James Richard Tracy (born 1970) is an American author, poet and activist living in Oakland, California. He is the co-author (with Amy Sonnie) of Hillbilly Nationalists, Urban Race Rebels and Black Power: Community Organizing in Radical Times (Melville House Publishers 2012).

Early life

Tracy was born in Oakland, California in 1970. His family moved shortly thereafter to Vallejo, California. His father was a kindergarten teacher in the Richmond Unified School District. His mother worked a variety of jobs in the social work field. Tracy has two younger brothers.

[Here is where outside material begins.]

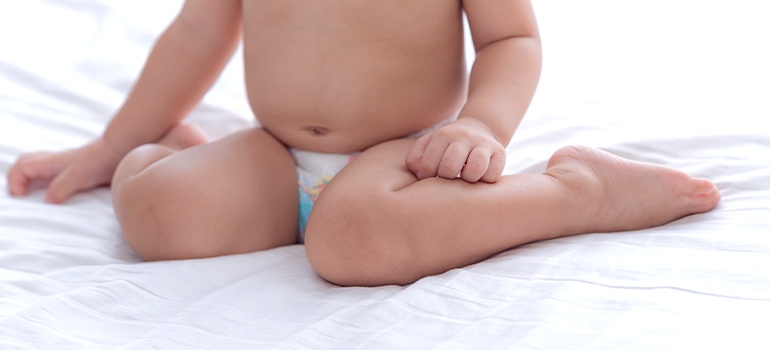 Дисплазия тазобедренных суставов у детей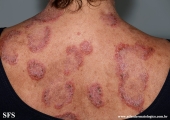 hailey-hailey disease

Tracy credits several formative events in shaping his early political outlook. His first job was as a paper delivery person for the Vallejo Independent Press, a worker-owned newspaper founded by striking newspaper workers. This introduced the idea of worker self-management to him. In early 1989, the presence of Neo-Nazi organizers in Vallejo helped him form an anti-racist commitment.

Housing organizing
In 1992, Tracy co-founded the Eviction Defense Network (EDN) an organization which utilized direct action to prevent evictions.  The EDN was invited to work alongside public housing residents organizing for the right-of-return in the federal HOPE VI program. Subsequently, he was a member of the Coalition On Homelessness, Mission Agenda, and the Mission Anti-Displacement Coalition.

Published work
 The Civil Disobedience Handbook: A Brief History and Practical Guide for the Politically Disenchanted  (Manic D Press, 2001)
  The Military Draft Handbook: A Brief History and Practical Guide for the Curious and Confused  (Manic D Press, 2005)
  Molotov Mouths Outspoken Word Troupe: Explosive New Writing  (Manic D Press, 2003)
  Avanti Popolo: Italian Americans Sail Beyond Columbus  (co-editor) (Manic D Press, 2008)
  Sparks and Codes (Civil Defense Poetry, 2007)
  Hillbilly Nationalists, Urban Race Rebels and Black Power: Community Organizing in Radical Times  (Melville House Publishers, 2012)
  Dispatches Against Displacement: Field Notes From San Francisco's Housing Wars  (AK Press, 2014)
 No Fascist USA!: The John Brown Anti-Klan Committee and Lessons for Today’s Movements (co-authored with Hilary Moore) (City Lights Publishers, 2020)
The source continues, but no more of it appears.